_Captioned web images:_

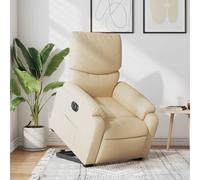 vidaXL Sillón eléctrico reclinable elevable de tela color crema
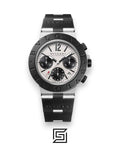 Bvlgari Aluminium Chronograph White Dial Black Band Men’s Watch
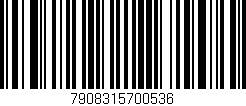 Código de barras (EAN, GTIN, SKU, ISBN): '7908315700536'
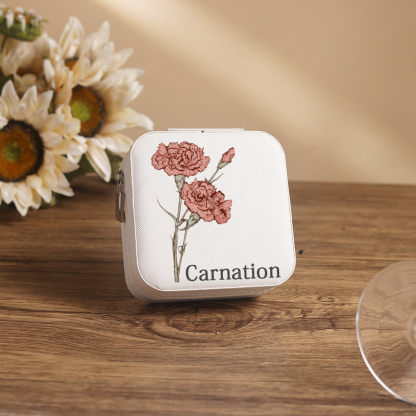 [Copy]Square Jewelry Storage Box-Personalised 1 Name Customized Birthflower Storage Box In Various Colors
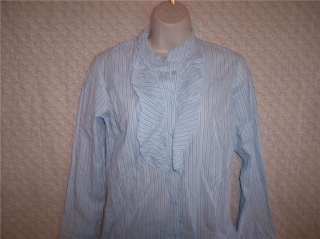 NWT Juniors Blue/White Striped Button up Shirt Small  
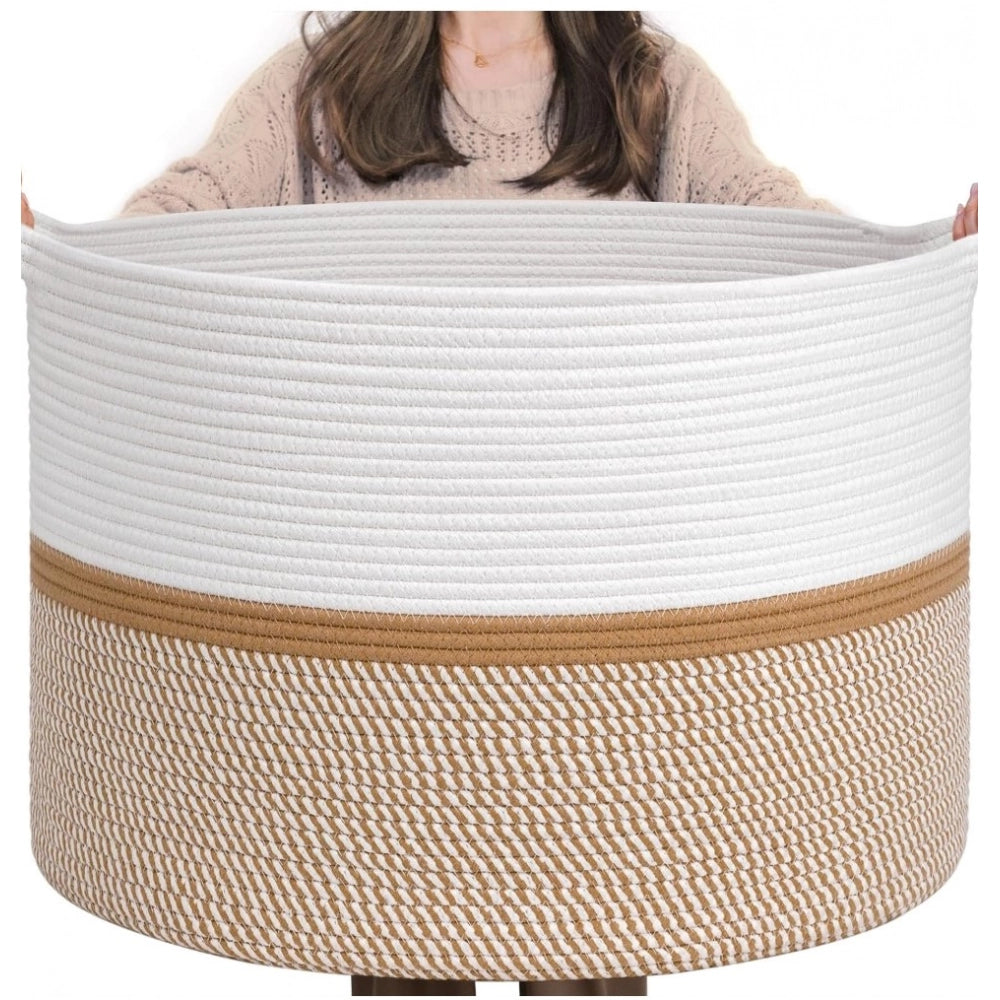 Cotton Dori 16x14 Inch Storage Basket For Clothes (White-Beige White)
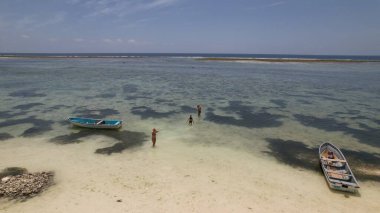 Okyanusta yürüyen insanların robot görüntüleri.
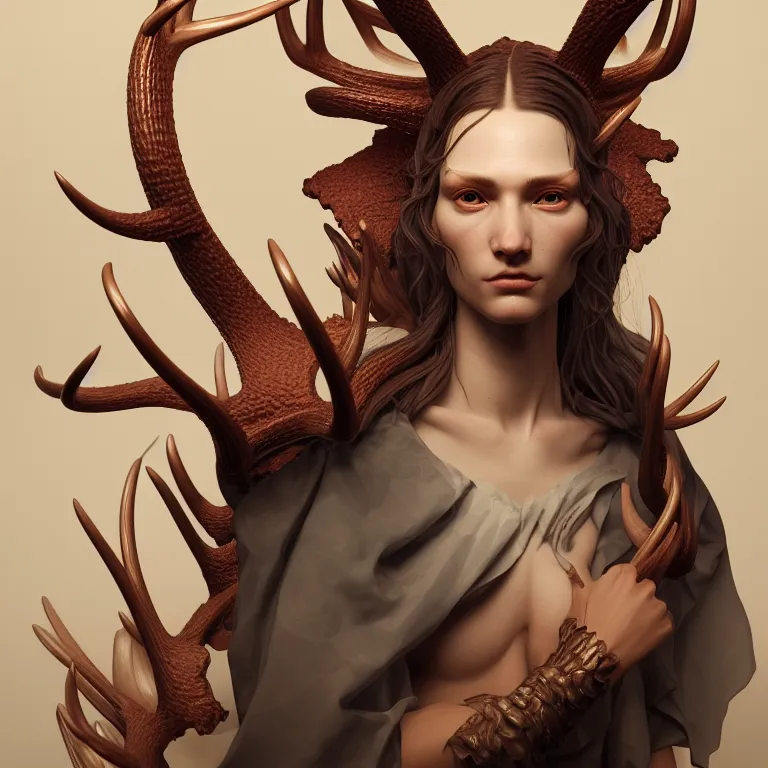 Image similar to portrait ms with ribbed body, covered with twisted ribbed crooked antlers, baroque portrait by rutkowsky and charles vess and james jean and erik jones and rhads, 3 d octane render, beautiful fine face features, intricate high details, sharp, ultradetailed, artistic photography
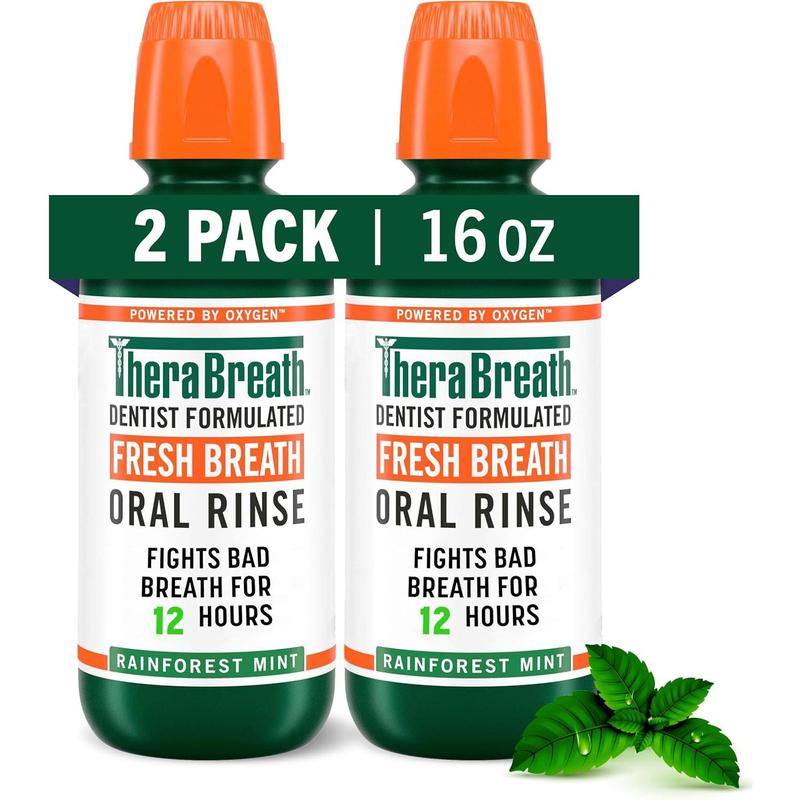 TheraBreath Fresh Breath Mouthwash, Rainforest Mint, Alcohol-Free, 16 Fl Oz (2-Pack)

_Exercise goal:_
In the answer, include exactly the lines from the top of the entries through the line containing "Cotton Dori 16x14", and nothing else, not even the pictures.

_Exercise answer:_
 vidaXL Sillón eléctrico reclinable elevable de tela color crema
 Bvlgari Aluminium Chronograph White Dial Black Band Men’s Watch
 Código de barras (EAN, GTIN, SKU, ISBN): '7908315700536'
 [Copy]Square Jewelry Storage Box-Personalised 1 Name Customized Birthflower Storage Box In Various Colors
 NWT Juniors Blue/White Striped Button up Shirt Small  
 Cotton Dori 16x14 Inch Storage Basket For Clothes (White-Beige White)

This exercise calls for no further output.